His appointment will last for two years and he has already started his role, the Department for Business, Energy and Industrial Strategy (BEIS) announced.

Universities minister Jo Johnson added: “By taking into account important measures such as student satisfaction and graduate employment rates, the Teaching Excellence Framework will give students clear information about where they can achieve the best outcomes and for the first time, place teaching quality on a par with research.  

“Professor Husbands has senior leadership experience from a varied range of higher education providers, in addition to direct knowledge of teaching in other sectors and a distinguished research background. 

“In his new role he will help to build on the existing high standards we expect of providers, stretching the best and rightly encouraging those with variable quality to improve.”

Responsibility for universities was handed over to the Department for Education as part of Theresa May’s first reshuffle, with Johnson’s post now split between the two departments.
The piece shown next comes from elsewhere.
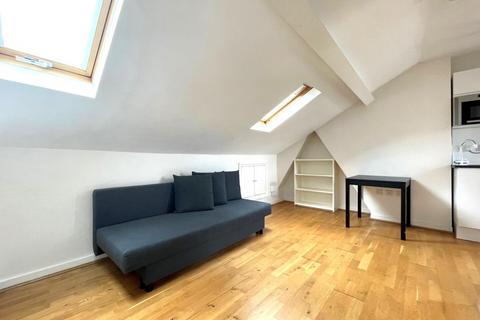 1 bedroom flat to rent, Salisbury Road, Monor House, London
He announced in July that the cap on tuition fees would rise beyond £9,000 to £9,250 per year for the first time for courses beginning in 2017/18.

That increase applied to all universities, but the government intends from 2019 to introduce a tiered system, meaning that those institutions which do not register on the TEF have their fee cap frozen in cash terms, those which "meet expectations" can increase fees by half the rate of inflation, and those rated "excellent" or "outstanding" can increase them in line with the full RPIX measure of inflation.